報道によると、1月に中国公安当局が行った電話会議において、当局の幹部は違法な資金集め事件の頻発によって、今年6月に満期を迎える多くの投資プロジェクトがほとんどデフォルト(債務不履行)になる見通しであると指摘した。情報筋の話として上層部は各地の公安局(警察署)に対して(デフォルトの急増で)社会不安が強まることに対し警戒するよう求めたという。上海の警察当局関係者は同紙に対し、上層部からの指令を受けており、不法なオンライン融資プラットフォームを閉鎖するほか、密な監視を強化し不法行為の疑いのある業者をタイミングよく取り締まることを徹底的に行うと話した。

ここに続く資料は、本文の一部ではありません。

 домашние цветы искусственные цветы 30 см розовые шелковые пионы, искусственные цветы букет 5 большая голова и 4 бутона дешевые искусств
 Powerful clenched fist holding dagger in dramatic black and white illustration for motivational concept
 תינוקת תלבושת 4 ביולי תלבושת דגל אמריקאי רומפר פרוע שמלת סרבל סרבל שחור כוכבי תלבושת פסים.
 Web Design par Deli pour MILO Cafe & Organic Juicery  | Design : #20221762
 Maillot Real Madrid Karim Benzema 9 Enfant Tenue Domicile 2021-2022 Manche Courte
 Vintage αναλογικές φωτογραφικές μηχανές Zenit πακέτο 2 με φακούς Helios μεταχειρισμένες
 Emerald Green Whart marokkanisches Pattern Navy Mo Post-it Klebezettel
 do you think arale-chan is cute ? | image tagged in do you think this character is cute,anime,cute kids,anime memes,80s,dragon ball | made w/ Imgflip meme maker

中国当局指導部はオンライン金融業者のデフォルトの多発で、当局のオンライン金融業界に対する不十分な監督管理に、被害者による抗議の動きが広がるのを危惧し、金融業界の安定化を今年の重要任務と位置づけした。中国保険監督管理委員会(保監会)はすでに国内保険会社に対して不法行為の疑いのあるP2Pプラットフォームを通じて保険販売とその他の投資行為を禁止する伝達を下した。また昨年12月、中国銀行業監督管理委員会(銀監会)も各P2Pプラットフォームの自らの資金集めと資金の貸し借りの禁止を決定した。
中国当局は昨年12月にe租宝の会長を含む幹部21人を投資詐欺で逮捕した。その後国営メディアが、同社は完全なねずみ講で、投資プロジェクトの95%が詐欺だと報道した。e租宝は全国31省と市で約90万人の投資者から500億元(約8800億円)の資金を集めた。投資家の資金はほぼ回収不能だとされている。

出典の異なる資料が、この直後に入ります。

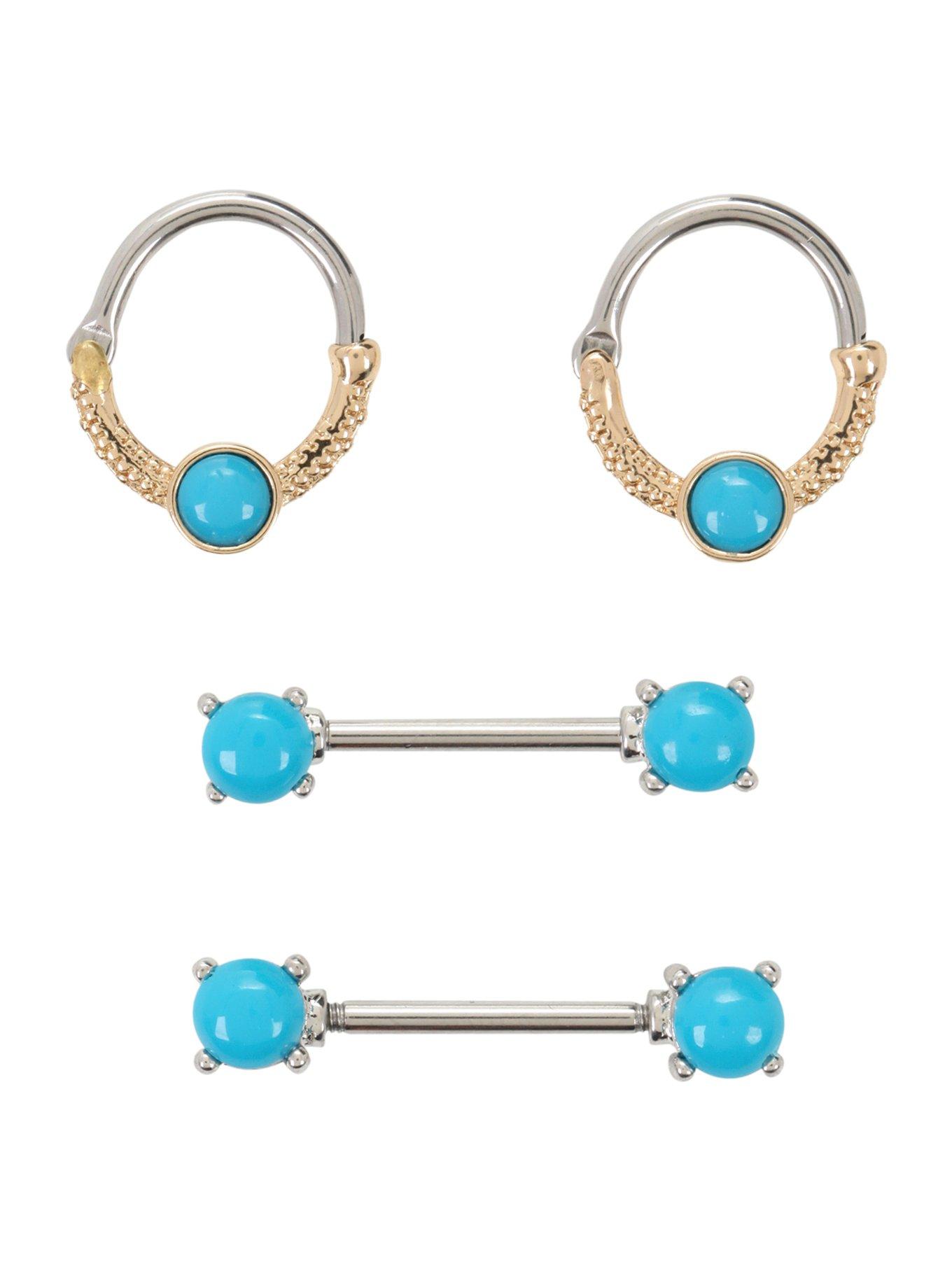 14G Steel Gold Turquoise Nipple Barbell & Hinged Hoop 4 Pack, , hi-res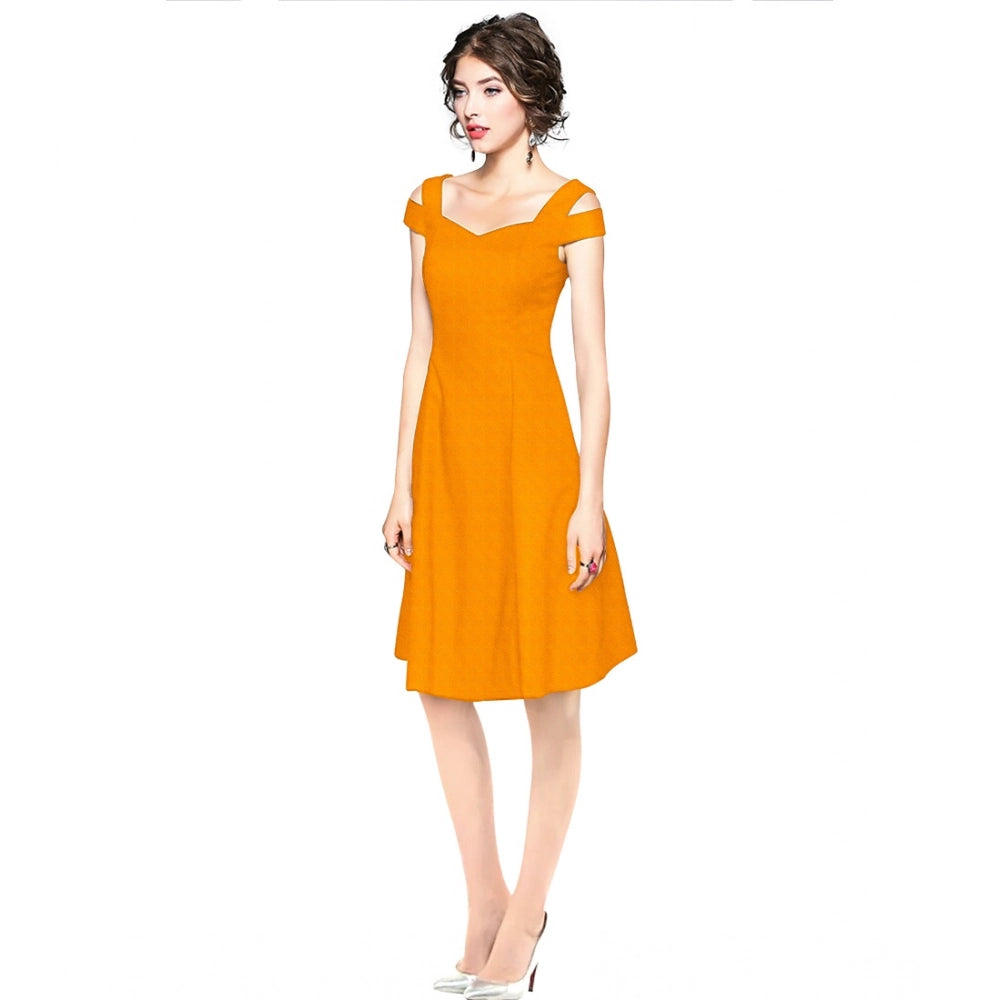 Seduva Women's Polyester Solid V Neck Cap Sleeve off Shoulder Dress (Yellow)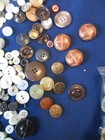 Bag Old Antique Sewing Buttons All Size Military Bakelite Plastic Vintage 3 4 Lb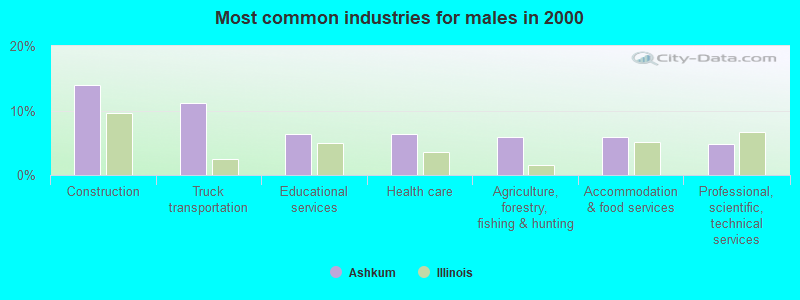 Most common industries for males in 2000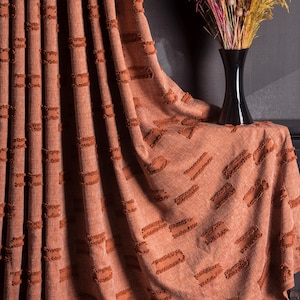 Bohemian Terracotta Soft Curtains, Custom Linen Embossed Curtains, Natural Extra Wide Curtains for Living Room, +6 Different Color Options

自由アジア放送(RFA)によると、e租宝の詐欺事件発覚後の12月14日、一部の投資家が、e租宝の資金募集コマシャールを3つのチャンネルで放送した国営中央テレビの本部前で、同テレビが詐欺に加担したとして抗議活動を行ったが、多くは鎮圧にあたった警察に連行されたという。また12月22日、南京、上海、厦門、武漢、青島など34の都市に住む投資家がそれぞれの地方政府や陳情部門などで、「お金を返せ」、「民衆を騙した」、「中央テレビに騙された」などの横断幕を挙げて抗議活動を行った。しかし、上海、南京、蘇州と南通の投資家の抗議活動は警察当局に鎮圧され、多くの人が負傷し、当局に拘束されたという。
2013年から急速に拡大したP2P業界全体の30%にあたる約1000社の会社は経営不振で、倒産の清算が必要であると銀監会は指摘した。1月1日~25日には、すでに97社が不法行為の疑いや経営不振で倒産し、約100万人の投資者が被害を受けた。
国内メディア「財新網」はこのほど、昨年1月から8月までにP2P会社による違法な資金集めの摘発事件が約3000件に達し、被害額は1500億元(約2兆6500億円)を上回り、頻発する違法事件の被害額規模と被害者数は過去最も多く、結果的に社会的集団抗議事件に発展する恐れがあると警告した。